Legal culture against impunity: gaining respect for the rule of law

The STL could benefit a great deal from a Lebanese TRC. If a tribunal, i.e. the STL in our case, is the place where the rule of law is to be respected and implemented, it may not have an impact outside of the tribunal. Indeed, resulting from the meager outreach work of the STL, the lessons learned and the principles and values defended in the tribunal may not always be available for the other legal practitioners, let alone the population. It would be very useful and helpful for the Lebanese to set up an institution that would aide them on the workings of the STL, in terms of both its strengths and weaknesses: learn from its mistakes, construct from its successes. In my opinion, the Lebanese rule of law as well as Lebanese themselves would have a lot to gain from such a mechanism: a place where information and updates would be shared, and legal strategies could be discussed; a place where the STL jurists could exchange views with Lebanese jurists, the nationals learning from the internationals, and vice-versa. Indeed, it is not only up to the international jurists to train the local jurists, but maybe to even greater benefit the domestic Lebanese jurists could explain to the internationalized branch of the STL (the STL being a “hybrid” tribunal, i.e. a mix of local and international staff) the local legal culture and norms.

But in case of such an institution never seeing the light of day… could it be possible that local jurists as well as the Lebanese population both simultaneously and mutually strengthen respect for the rule of law via a TRC? If so, this would be a revival of the Lebanese will to fight against injustice. A TRC could be the perfect place where the STL would extend its work outside the persons concerned by its mandate, hence my belief that a TRC could be an interesting tool for the STL and the Lebanese situation as a whole.

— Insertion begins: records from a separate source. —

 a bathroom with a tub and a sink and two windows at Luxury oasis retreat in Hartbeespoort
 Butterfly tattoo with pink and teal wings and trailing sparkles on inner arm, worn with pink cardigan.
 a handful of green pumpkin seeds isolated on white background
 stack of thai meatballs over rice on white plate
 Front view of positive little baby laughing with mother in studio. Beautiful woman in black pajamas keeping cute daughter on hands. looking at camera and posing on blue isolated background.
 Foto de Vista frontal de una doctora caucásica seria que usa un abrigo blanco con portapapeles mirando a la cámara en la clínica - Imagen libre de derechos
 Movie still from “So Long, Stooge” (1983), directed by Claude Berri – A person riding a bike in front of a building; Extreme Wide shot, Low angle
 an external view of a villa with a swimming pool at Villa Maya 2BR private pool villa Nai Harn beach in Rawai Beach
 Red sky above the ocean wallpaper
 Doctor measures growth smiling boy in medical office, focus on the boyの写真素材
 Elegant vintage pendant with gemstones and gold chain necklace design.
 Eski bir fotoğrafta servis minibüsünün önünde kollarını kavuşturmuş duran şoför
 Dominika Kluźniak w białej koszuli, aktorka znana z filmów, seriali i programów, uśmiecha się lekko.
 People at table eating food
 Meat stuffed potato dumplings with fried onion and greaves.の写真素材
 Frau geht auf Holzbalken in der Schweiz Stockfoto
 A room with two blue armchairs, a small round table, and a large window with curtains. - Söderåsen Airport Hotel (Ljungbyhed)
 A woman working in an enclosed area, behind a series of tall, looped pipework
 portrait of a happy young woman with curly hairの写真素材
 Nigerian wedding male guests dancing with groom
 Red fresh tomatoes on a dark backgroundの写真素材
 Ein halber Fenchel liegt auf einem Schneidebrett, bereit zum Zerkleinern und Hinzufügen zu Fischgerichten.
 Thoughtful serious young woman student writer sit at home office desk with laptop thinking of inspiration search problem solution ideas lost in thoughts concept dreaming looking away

The Special Court for Sierra Leone and its TRC

The TRC in Sierra Leone was established on July 7 1999, after the signing of the Lomé Peace Agreement (1999). The TRC “has been established through an act of Parliament by the government of Sierra Leone, [but it] will be an independent body. The commission was later enacted in 2000 by the President and Parliament.”[12] The TRC in Sierra Leone has two main goals: to investigate the violations, and to restore human dignity to the victims. Its specific mandate is the following: “to create an impartial historical record of violations and abuses of human rights and international humanitarian law related to the armed conflict in Sierra Leone, from the beginning of the conflict in 1991 to the signing of the Lomé Peace Agreement; to address impunity, to respond to the needs of victims, to promote healing and reconciliation and to prevent a repetition of the violations and abuses suffered.”[13]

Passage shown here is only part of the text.